Payer le journal à la cenne près!
Par Jean-Michel Salaun le vendredi 17 juin 2011, 11:28 - Cours - Lien permanent
Ce billet a été rédigé par Guillaume Cloutier dans le cadre du cours SCI6355 sur l'économie du document de la maîtrise en sciences de l'information de l'EBSI.
Bien des gens sont familiers avec les micropaiements sans le savoir. Il suffit de penser à Itunes pour s’en convaincre. En effet, presque quiconque possède un Ipod a déjà acheté une chanson en ligne au microprix de 99 cents. Un fois l’inscription complétée et les coordonnées bancaires entrées, il suffit de quelques clics pour procéder au paiement de la chanson : rapide, efficace, facile et quasi-indolore pour le portefeuille. Il s’agit ici de payer un petit prix pour avoir accès à un petit morceau de contenu. Si ce modèle d’affaires peut faire vivre Itunes, ne peut-on pas penser que les journaux en ligne pourraient en tirer partie et trouver enfin une solution de rentabilité? C’est l’idée que je veux explorer dans ce billet.

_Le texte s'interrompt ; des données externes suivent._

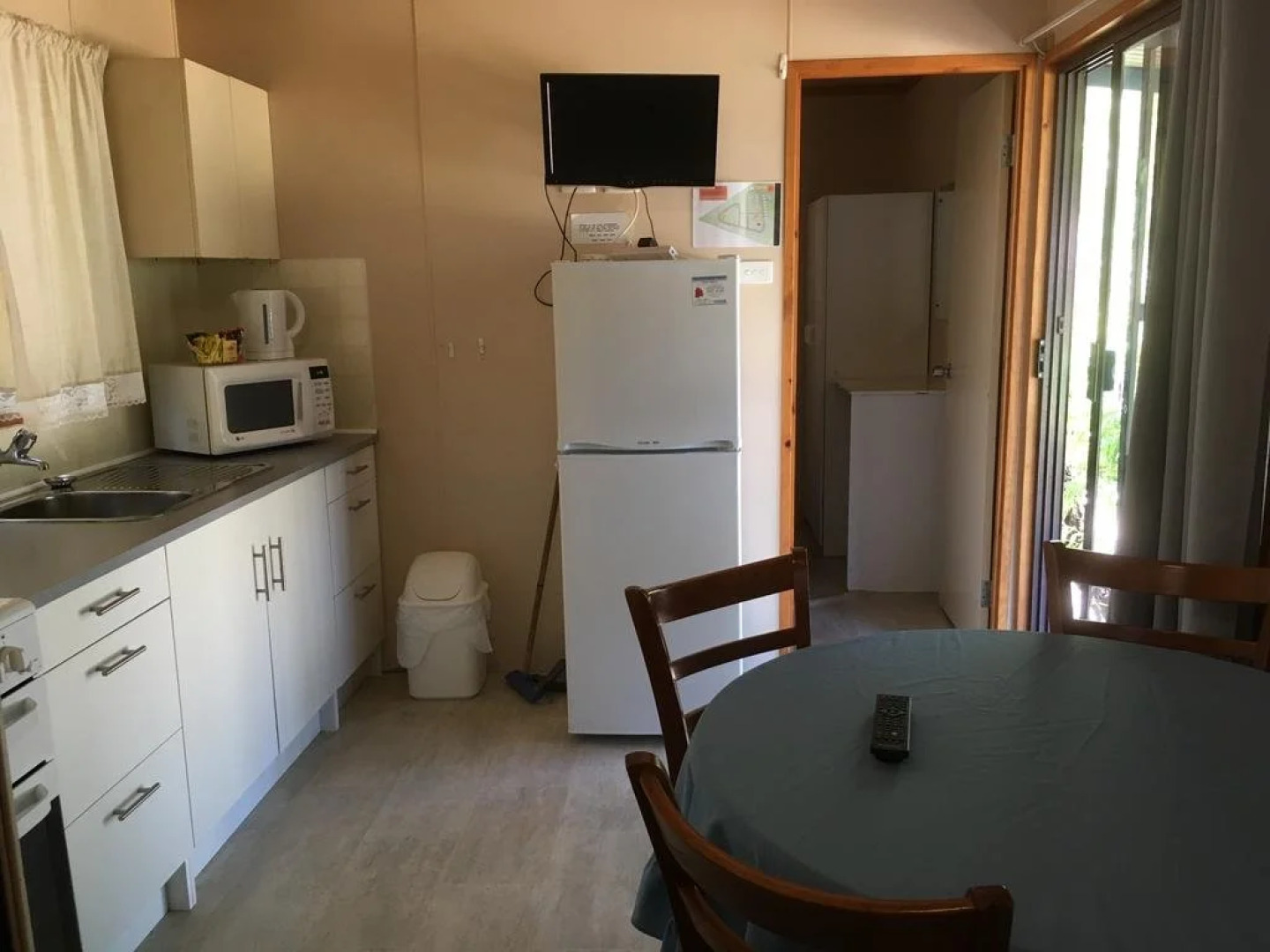 Pinjarra Caravan Park and Cabins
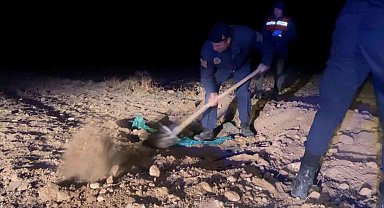 Jandarma 7 kilometre lastik izi sürüp gece yarısı küreklerle tarlayı kazdı
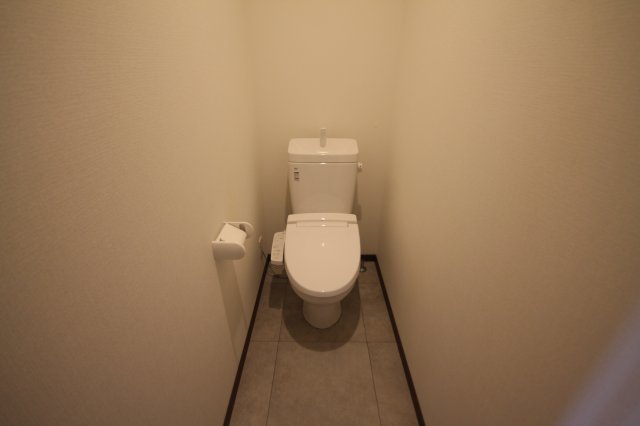 トイレ　同じ建物の別のお部屋の写真です。現況優先。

Les micropaiements ne sont pas une idée nouvelle, bien au contraire. Ils ont eu une brève vague de popularité à la fin des années 1990 avec des compagnies comme Beenz, Fleez, Bitpass, CyberCash et Peppercoin. Comme le disais Walter Isaacson dans un billet paru sur le site Time.com: si vous vous souvenez de ces compagnies c’est probablement parce que vous y avez perdu de l’argent! Bref, en dehors de quelques notables exceptions, les micropaiements n’ont jamais su s’imposer comme façon de rentabiliser du contenu. Néanmoins sitôt oubliée, l’idée réapparaît ailleurs, avec la promesse que, cette fois-ci, il s’agit de la bonne.

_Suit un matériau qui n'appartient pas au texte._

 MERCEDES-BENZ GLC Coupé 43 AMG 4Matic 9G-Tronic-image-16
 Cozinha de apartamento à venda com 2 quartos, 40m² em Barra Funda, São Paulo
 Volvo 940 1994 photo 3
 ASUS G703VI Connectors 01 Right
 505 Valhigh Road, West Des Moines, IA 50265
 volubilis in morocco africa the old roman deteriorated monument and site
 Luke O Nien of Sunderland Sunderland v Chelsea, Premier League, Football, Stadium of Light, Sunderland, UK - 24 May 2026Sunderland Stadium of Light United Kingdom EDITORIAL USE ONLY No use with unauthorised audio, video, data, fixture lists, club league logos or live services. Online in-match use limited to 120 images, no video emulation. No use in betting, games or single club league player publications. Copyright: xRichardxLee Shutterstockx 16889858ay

C’est ce qui s’est passé en 2009 quand le puissant Rupert Murdoch et son Wall Street Journal ont annoncé l’arrivée d’un système de micropaiements donnant accès à certains articles au contenu exclusif (voir l’article). L’arrivée de ce système et le retour des micropaiements ont été surveillés de près par la plupart des grands acteurs de la presse. Malgré cette percée du WSJ, les micropaiements ont autant d’admirateurs (billet ici) que de détracteurs (billets ici et ici).
Un des problèmes pratiques du micropaiement est le coût de la transaction. À supposer que le coût d’un article soit le même que celui d’un message texte comme le dit Monsieur Murdoch, soit environ 10 cents, il faudra nécessairement trouver un système transactionnel fiable, sécuritaire et surtout peu coûteux pour que l’ensemble fonctionne sans qu’il y ait une trop grande érosion de la marge de profit. Or un système définitif reste à établir et bien des compagnies ont connu leur Waterloo en tentant d’élaborer un tel système. Il faudra en quelque sorte un système de paiement quasi-universel. Un tel système reste toujours à implanter sur une grande échelle.
L’autre grand problème, largement plus complexe, est celui d’amener le consommateur à accepter de payer pour un contenu autrefois accessible gratuitement et, de plus, de s’assurer que ce même contenu n’est pas accessible ailleurs gratuitement. Or cette barrière du paiement est un des problèmes majeurs auquel fait face l’industrie. Idéalement, il s’agirait de trouver un contenu si exclusif et nécessaire au consommateur que ce dernier franchirait la barrière du paiement pour y avoir accès. Il est hautement improbable que le lecteur paiera pour lire des articles très généraux. Mais plus les articles se spécialisent et répondent à un besoin informationnel précis plus il est probable que le consommateur paiera les quelques sous pour y avoir accès. Chose certaine, les journaux en ligne devront rivaliser de créativité pour aller chercher une clientèle habituée aux nouvelles gratuites et instantanées.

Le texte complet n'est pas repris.